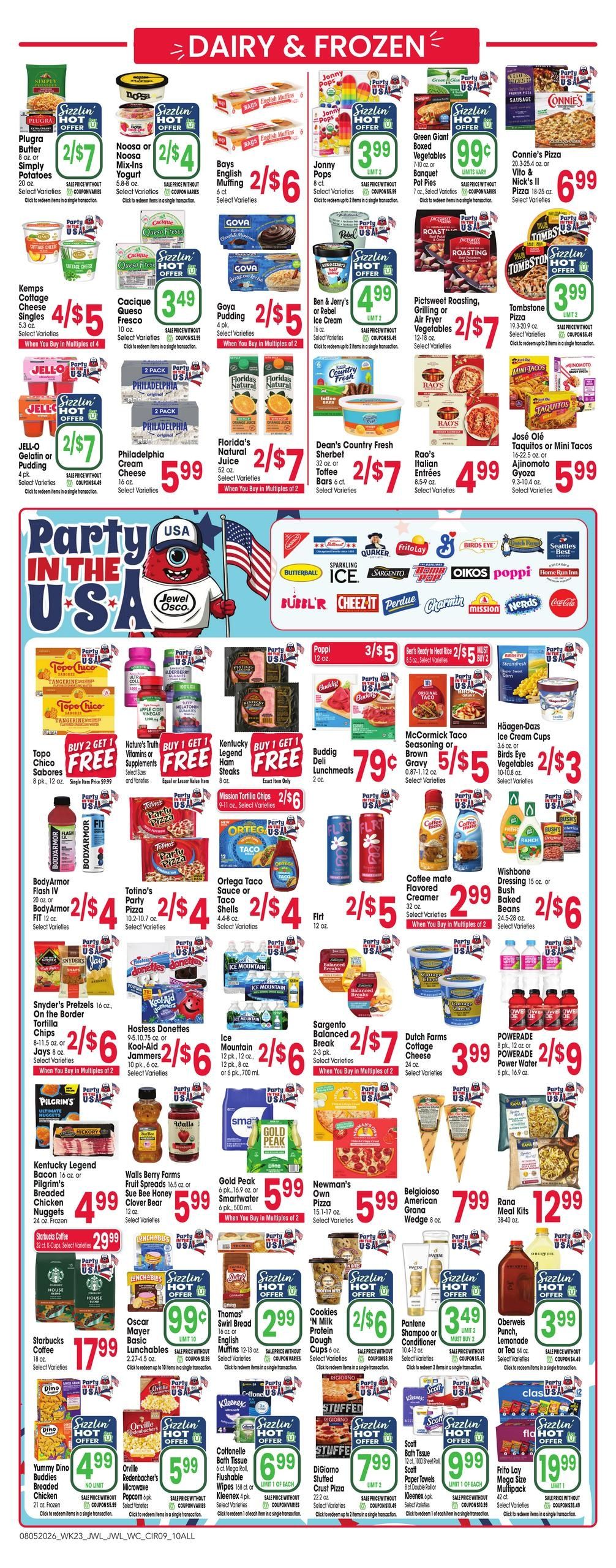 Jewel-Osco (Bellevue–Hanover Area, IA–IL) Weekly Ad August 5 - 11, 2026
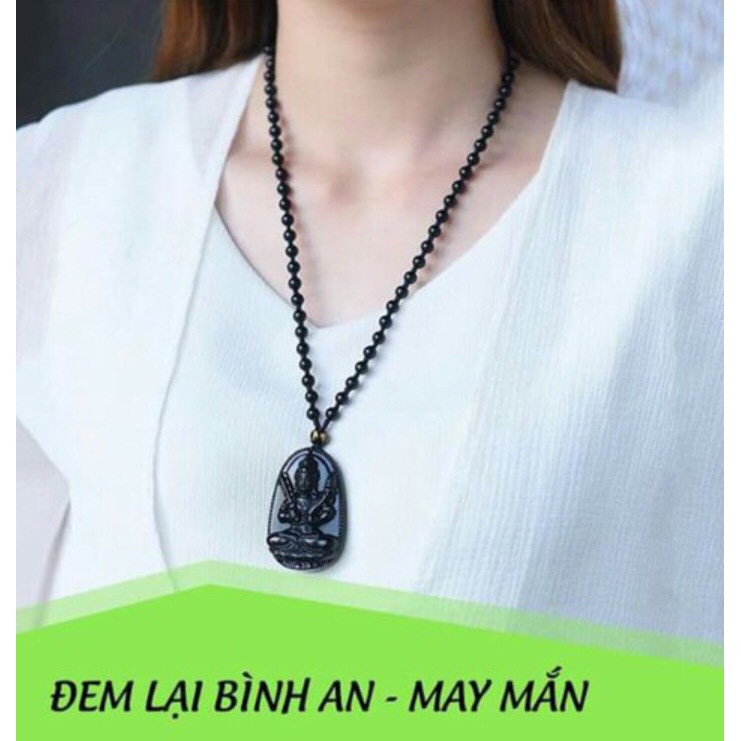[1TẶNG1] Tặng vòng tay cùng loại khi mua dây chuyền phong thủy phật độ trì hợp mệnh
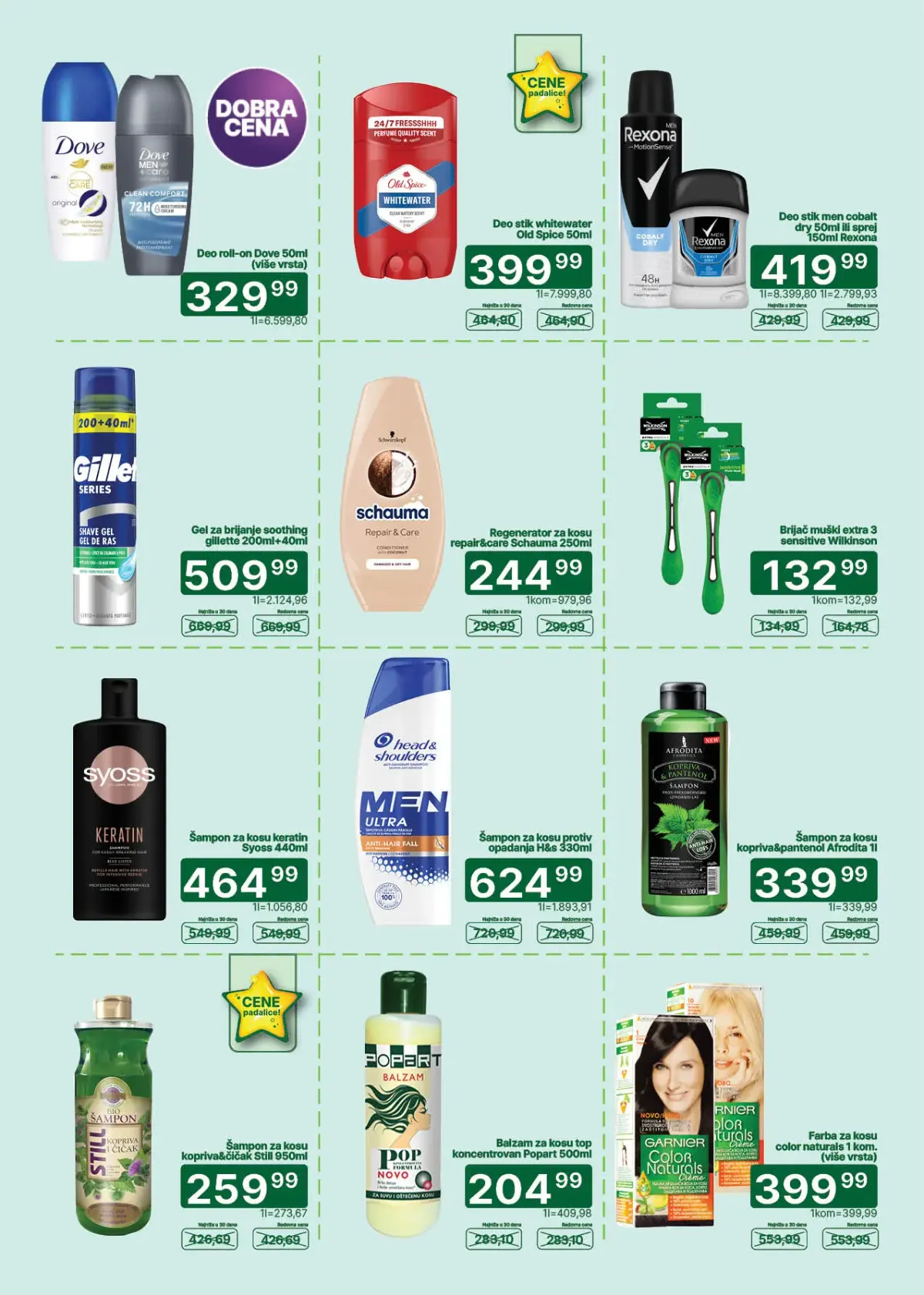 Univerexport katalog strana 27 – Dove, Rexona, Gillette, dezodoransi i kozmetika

* * *

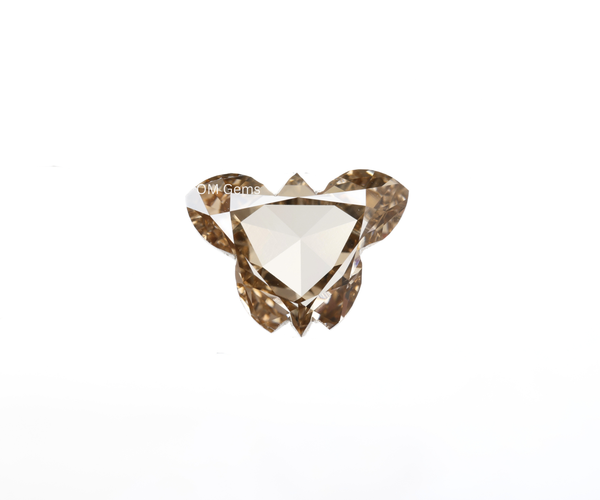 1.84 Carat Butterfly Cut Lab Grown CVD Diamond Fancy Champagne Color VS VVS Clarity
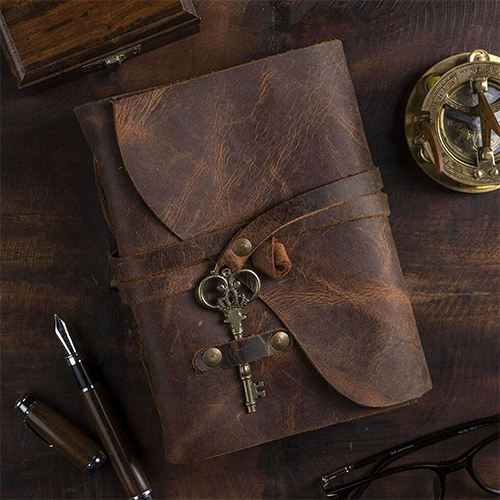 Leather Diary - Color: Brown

* * *

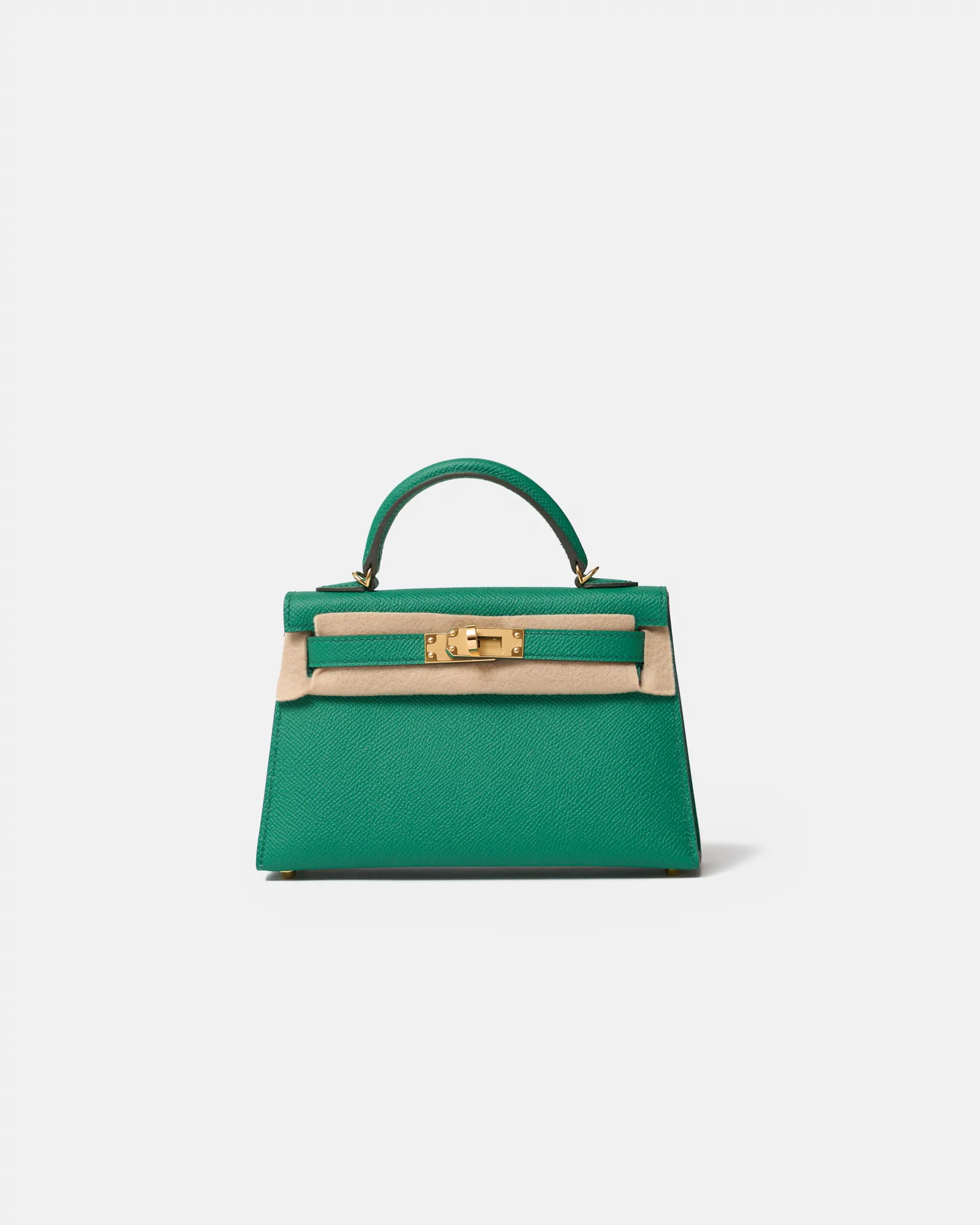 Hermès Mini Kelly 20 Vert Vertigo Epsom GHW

● The task: Nothing but the lines from the one containing "Jewel-Osco (Bellevue–Hanover Area, IA–IL)" through the one containing "Univerexport katalog strana" should appear, copied exactly from the material above and without pictures.

● Result:
 Jewel-Osco (Bellevue–Hanover Area, IA–IL) Weekly Ad August 5 - 11, 2026
[1TẶNG1] Tặng vòng tay cùng loại khi mua dây chuyền phong thủy phật độ trì hợp mệnh
 Univerexport katalog strana 27 – Dove, Rexona, Gillette, dezodoransi i kozmetika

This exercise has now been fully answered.